= Local elections in India =

Local Body Elections (India) are elections conducted to elect local body representatives in India as per the provisions of 73rd amendment of Constitution of India in states and union territories of the country. State Election commissions conducts these elections as per the procedures laid down in State laws. With one of the largest democracies, India has 3.1 million elected representatives out of which 1.3 million representatives are women in 2,50,000 government bodies.

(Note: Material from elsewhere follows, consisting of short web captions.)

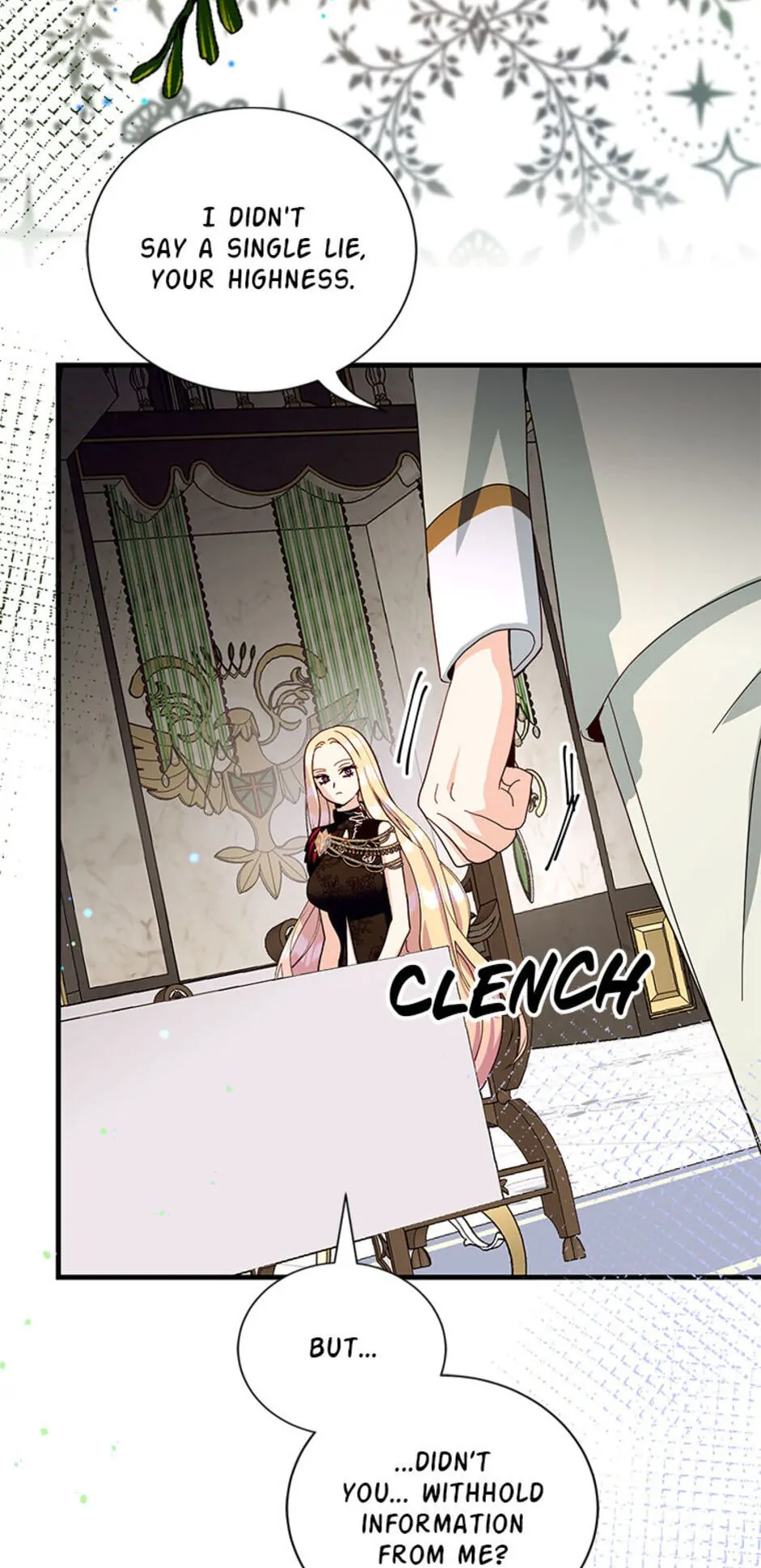 The Princess Wants to Die Comfortably Chapter 39 - Page 69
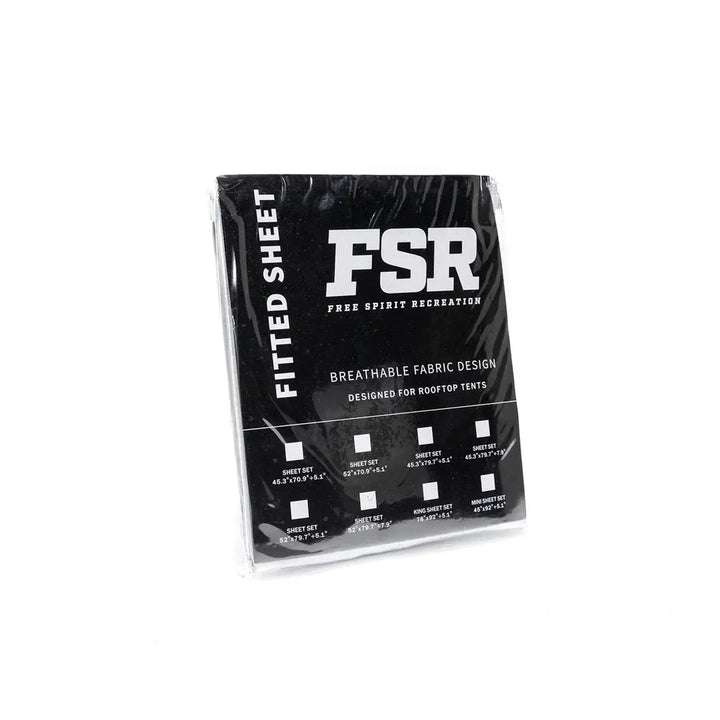 Freespirit Recreation Rooftop Tent Fitted Sheet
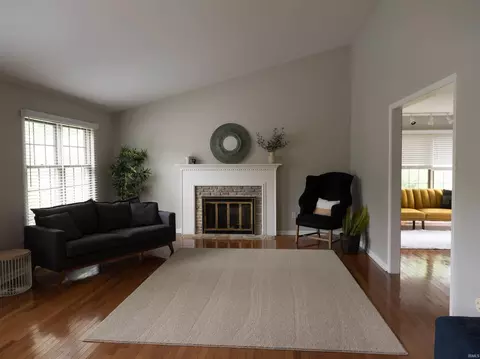 Living - 2202 E Cape Cod Dr, Bloomington, IN 47401 photo 3 of 4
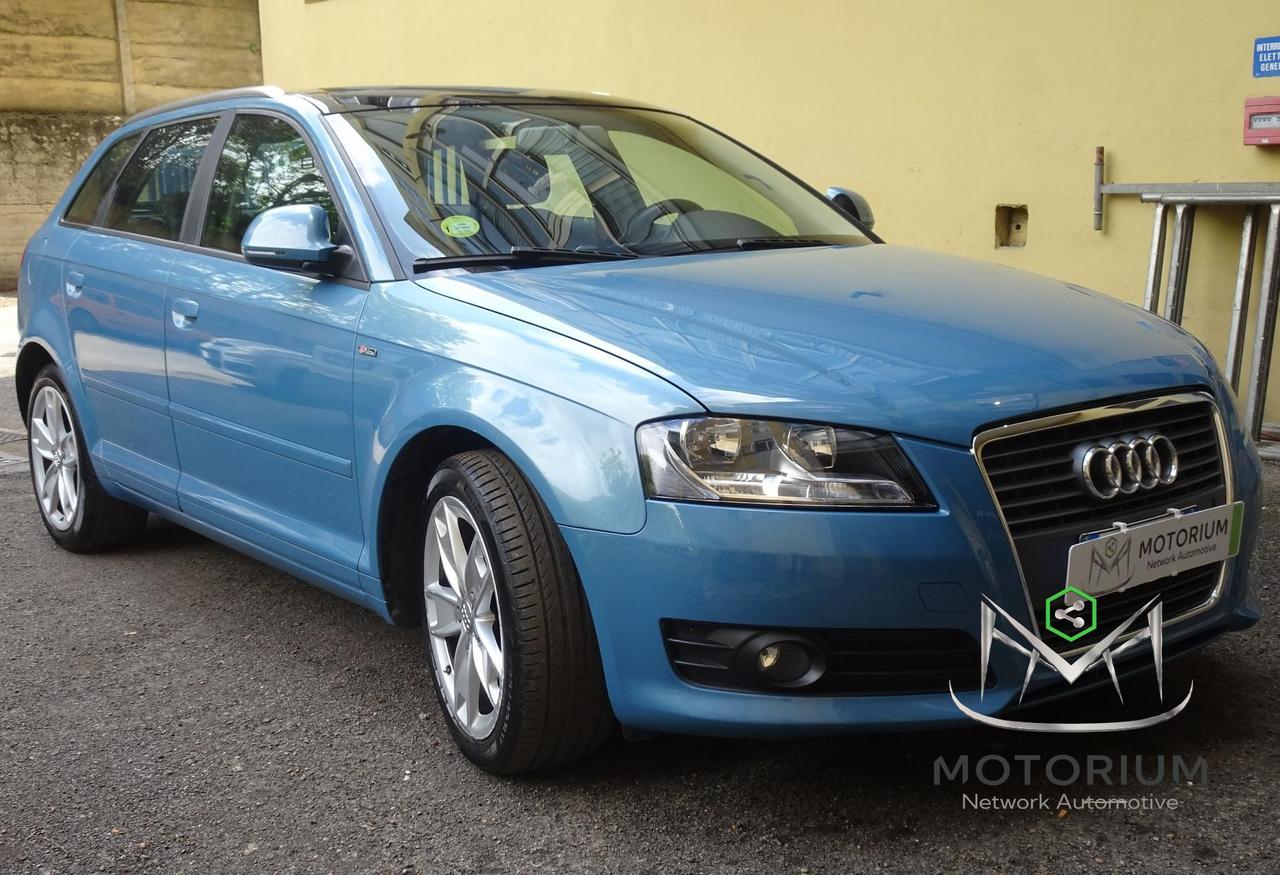 Audi A3 SBK 1.4 TFSI 125 VC S-LINE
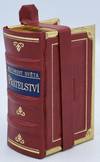 [MINIATURE BOOKS] PRATELSTVI [FRIENDSHIP] (MOUDROST SVETA SVAVEK V)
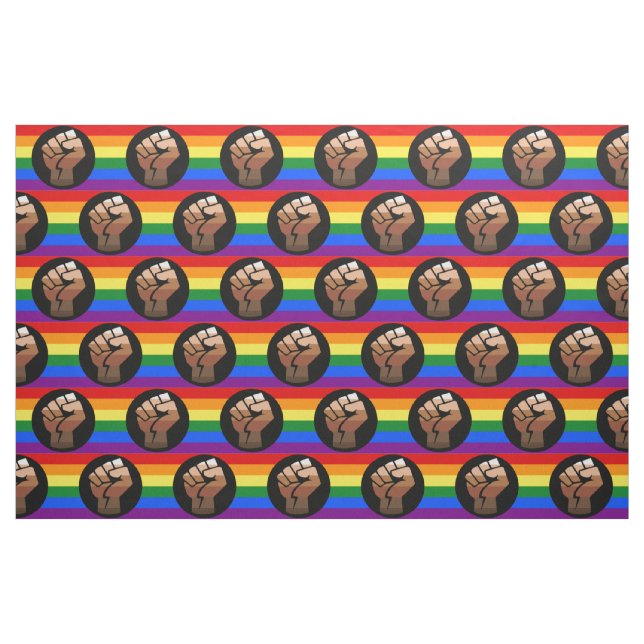 SlipperyJoe's Quee Gay-Gay-Geschenke "People of Co Stoff (Yard (91,4 cm))
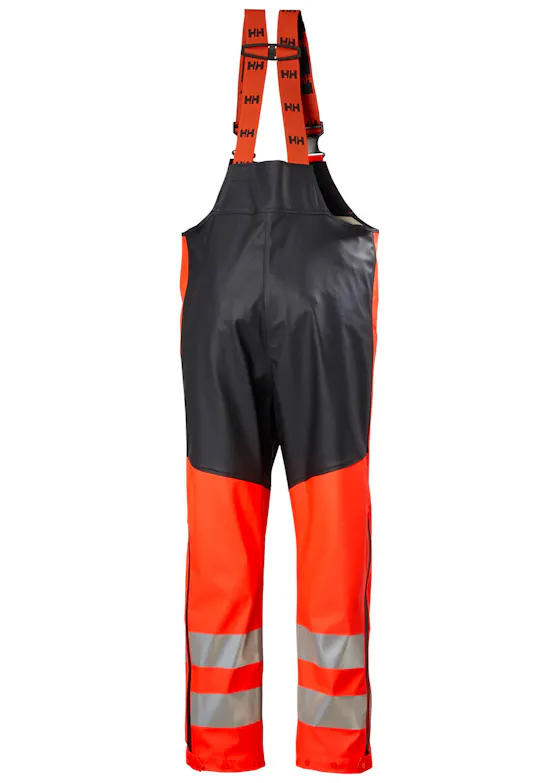 Helly Hansen Alna 2.0 Hi-Vis wasserdichter Regenoverall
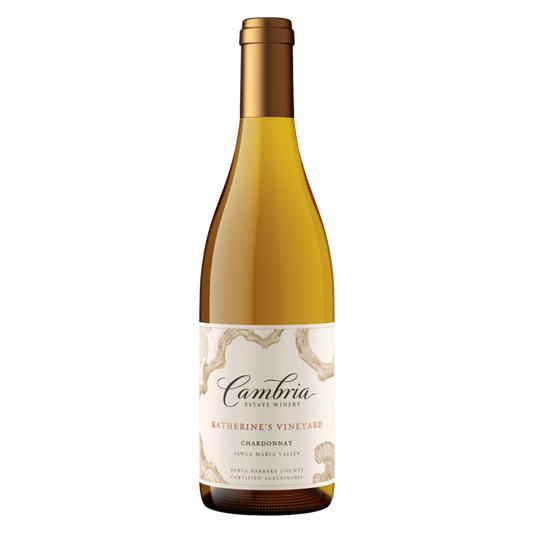 Cambria Katherine's Vineyard Santa Maria Valley Chardonnay 750ml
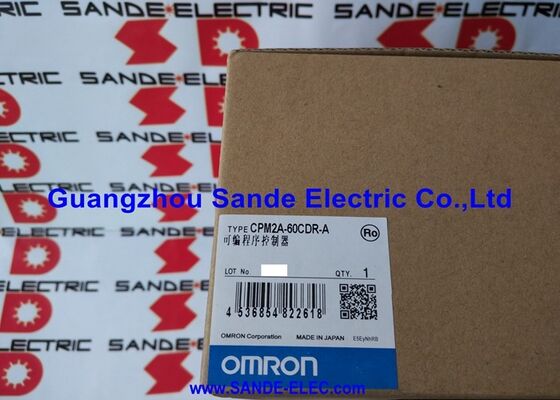 کنترل کننده قابل برنامه ریزی Omron PLC CPM2A-60CDR-A CPM2A60CDRA CPM2A-6OCDR-A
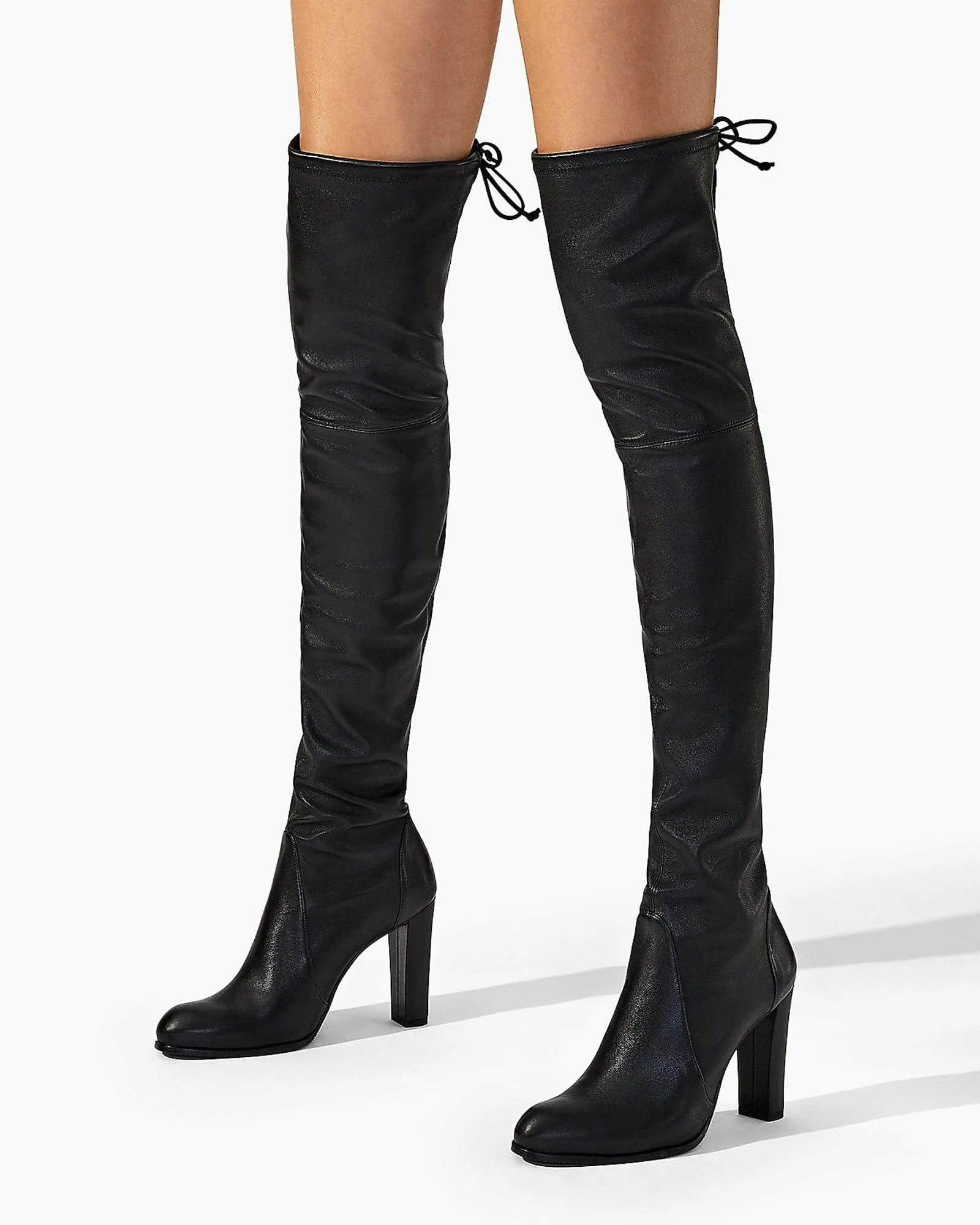 "Highland" Leather Boots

== History and Objective ==

Local Body Elections (India) are conducted periodically in states and union territories of India as per the provision made in Constitution. The reasons for forming these local bodies are 1. Decentralisation of process of democracy and 2. Power devolution at local levels. Local Body Elections are conducted by State Election Commission.

== Levels ==

Local Body Elections (India) are performed at following levels as per the local population:

- Elections to Municipal Corporations - With population of more than 5,00,000.
- Municipality Elections - With population of 1,00,000 to 5,00,000.
- Elections to Nagar Panchayat - Village Council or gram panchayat.
- Zila Parishad Elections - Block council clusters.
- Village Panchayat Elections - Village gram panchayat.
- Panchayat Samiti Elections - Block level.

== Challenges ==

Following are the challenges faced by Panchayat Raj Institutions or other local governance systems;

- Local leaders don't get support from Government.
- No cooperation from institutional organisations like district planning boards created for improvement of planning in local areas due to they being non functional or not prioritising Panchayat Raj Institutions or other local governance systems.
- Restricted efforts on education of elected representatives of Panchayat Raj Institutions or other local governance systems on their constitutional rights with main focus being trainings on government schemes and programmes.
- As the Central and State Governments had created separate organisation structures relating to education, health, and other public services for their implementation, the powers and roles of elected representatives of Panchayat Raj Institutions or other local governance systems have been diluted.

== See also ==

- State Election Commissions in India
- Elections in India.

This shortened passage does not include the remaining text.